**Task material**.
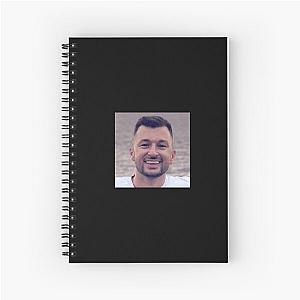 Zachery Dereniowski Beyond The Screen Zachery Dereniowski Notebook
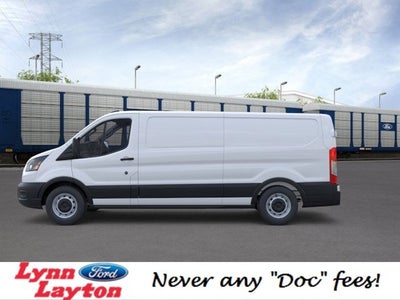 2026 Ford Transit Cargo Van Cargo Van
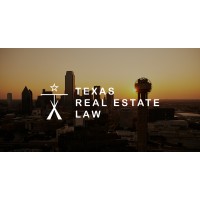 Texas Real Estate Law logo - Similar company to Texas Real Estate Network
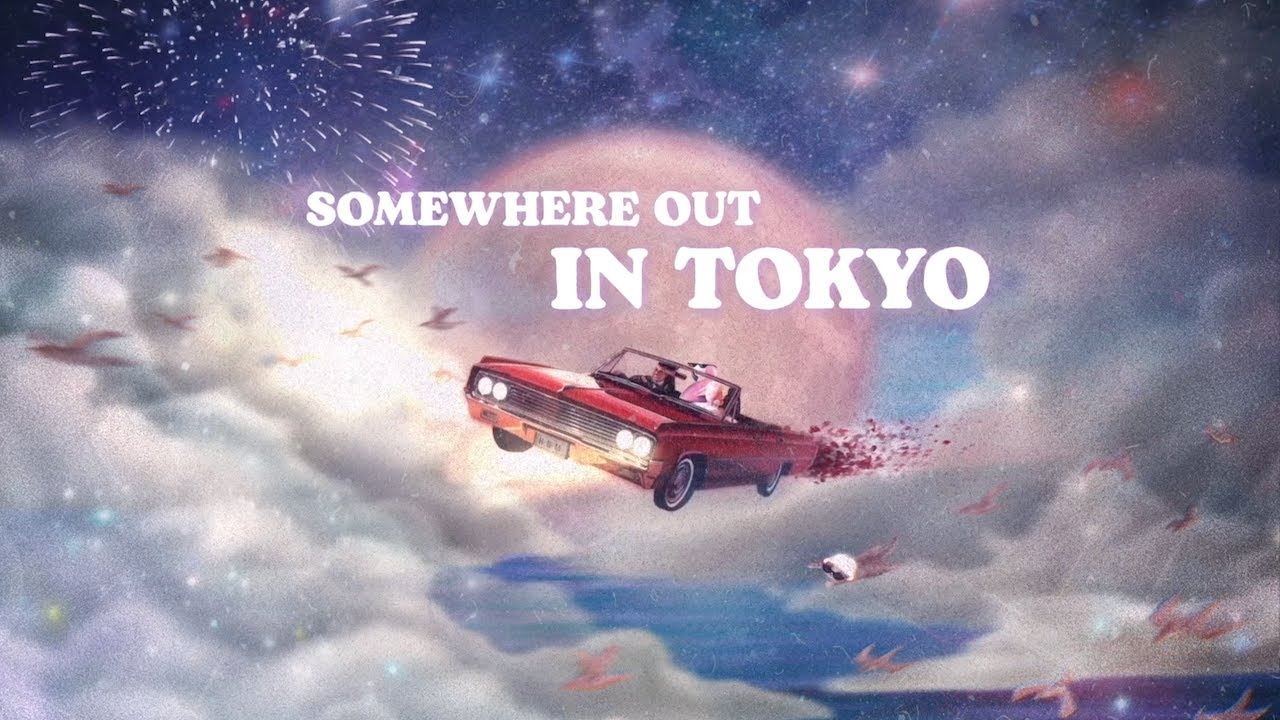 WIM - Tokyo (Album Lyrics Video)
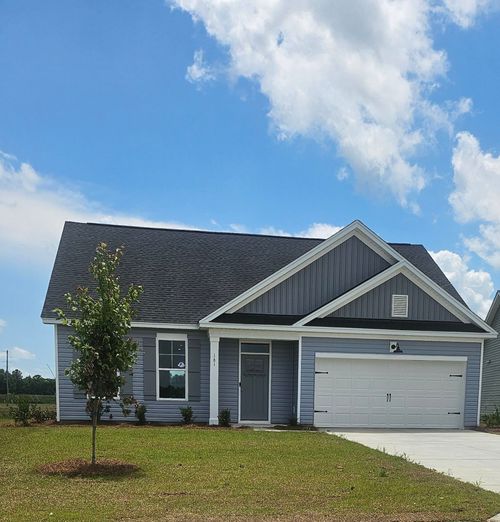161 River Birch Dr, Loris, SC, 29569-5789 | Card Image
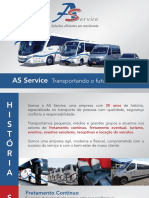 Apresentação A S Transportes-WEB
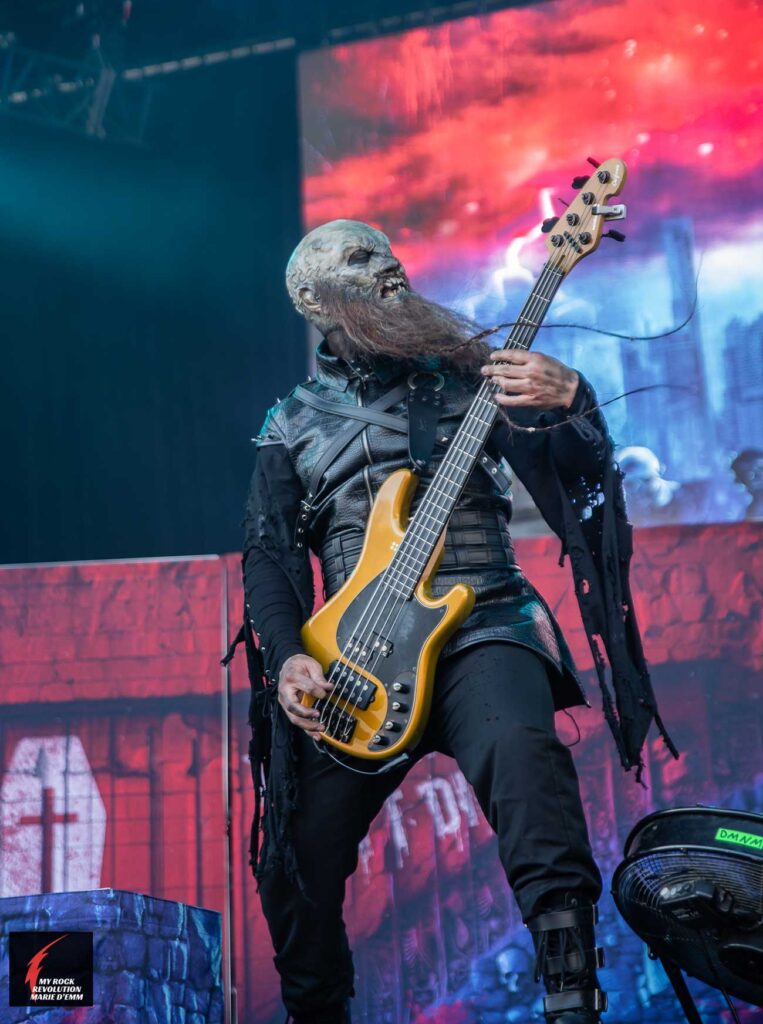 DOMINUM au HEAVY WEEK-END – JOUR 1 _ Photo 17
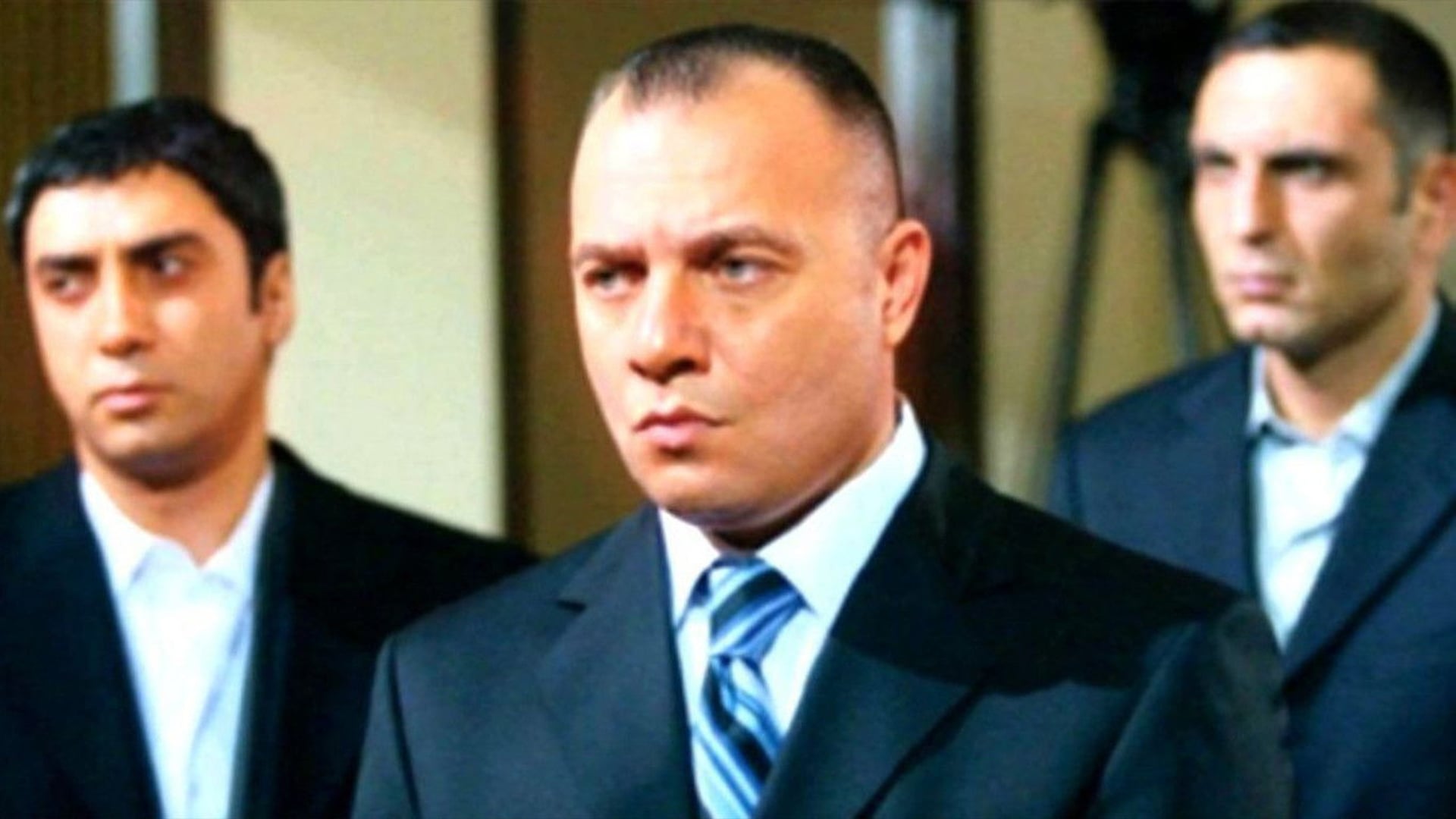 Foto do filme Kurtlar Vadisi
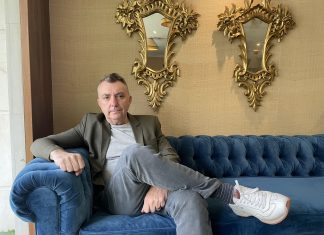 Manuel Vilas presenta «Islandia»: el amor contado desde su final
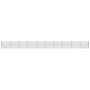 Close to wire with anthracite grey tie 2x25 m by vidaXL, fence panels - Ref: Foro24-154302, Price: 177,13 €, Discount: %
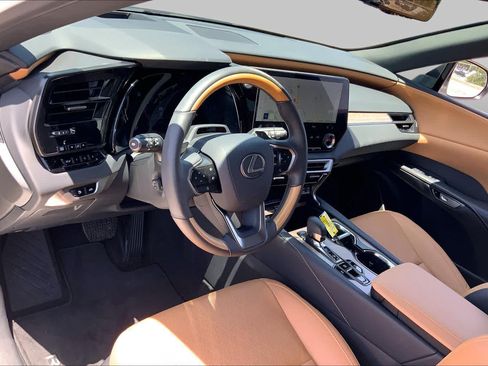 Used 2024 Lexus RX 350 Premium Plus w/ Convenience Package FWD image 18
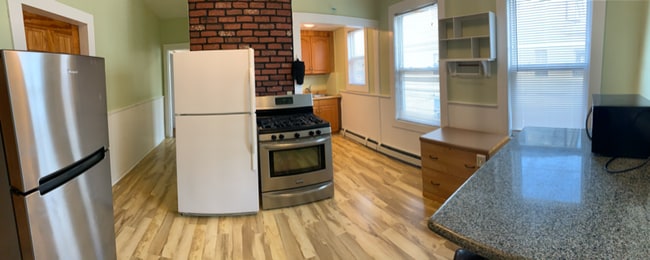 85 Vinton St in Providence, RI - Building Photo - Building Photo
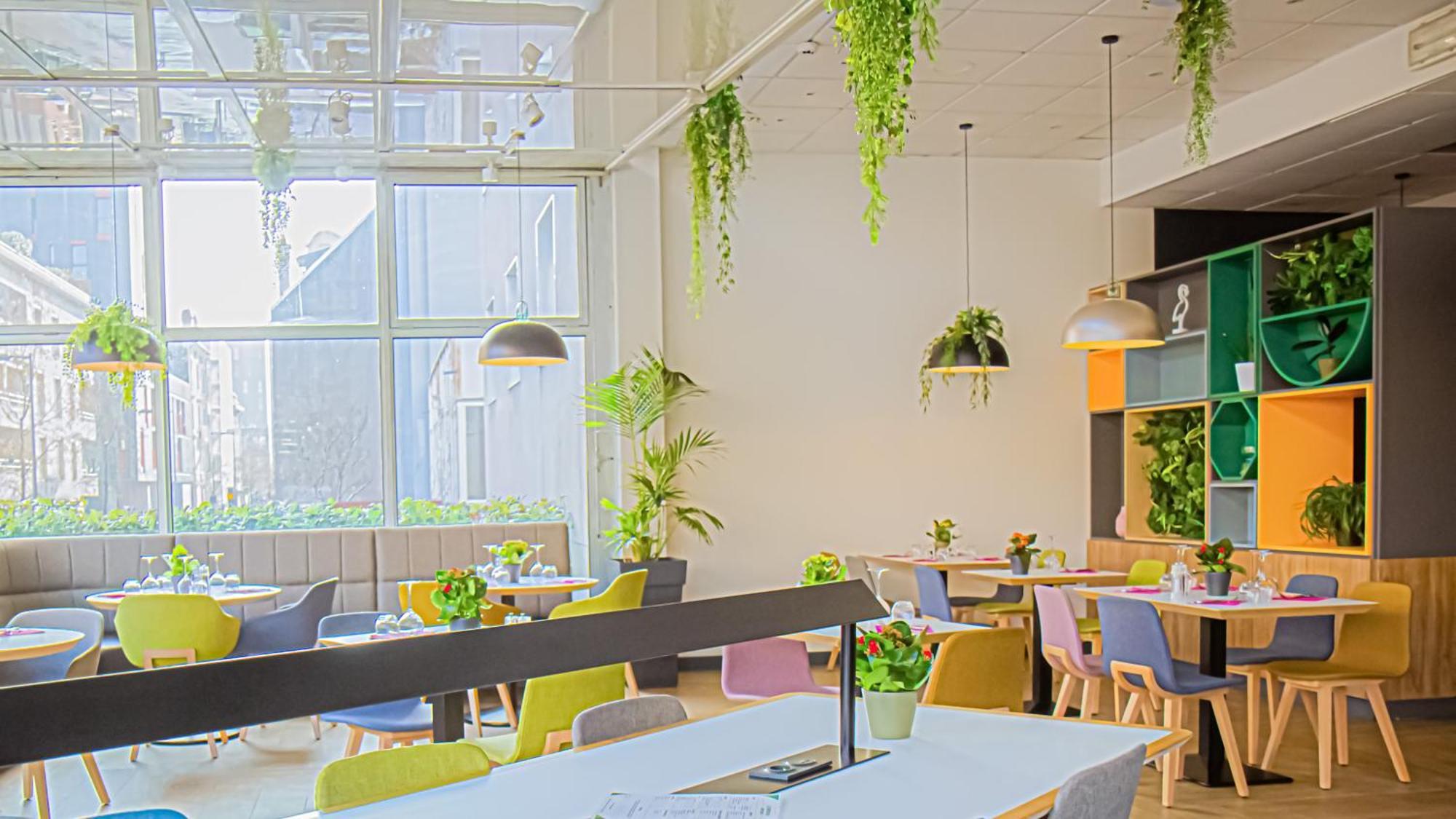 Holiday Inn Clermont Ferrand Centre By Ihg Esterno foto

**Task item**. Without the pictures, copy out each entry exactly as it stands.

**Result of the exercise**.
 Zachery Dereniowski Beyond The Screen Zachery Dereniowski Notebook
 2026 Ford Transit Cargo Van Cargo Van
 Texas Real Estate Law logo - Similar company to Texas Real Estate Network
 WIM - Tokyo (Album Lyrics Video)
161 River Birch Dr, Loris, SC, 29569-5789 | Card Image
 Apresentação A S Transportes-WEB
 DOMINUM au HEAVY WEEK-END – JOUR 1 _ Photo 17
 Foto do filme Kurtlar Vadisi
 Manuel Vilas presenta «Islandia»: el amor contado desde su final
 Close to wire with anthracite grey tie 2x25 m by vidaXL, fence panels - Ref: Foro24-154302, Price: 177,13 €, Discount: %
 Used 2024 Lexus RX 350 Premium Plus w/ Convenience Package FWD image 18
 85 Vinton St in Providence, RI - Building Photo - Building Photo
 Holiday Inn Clermont Ferrand Centre By Ihg Esterno foto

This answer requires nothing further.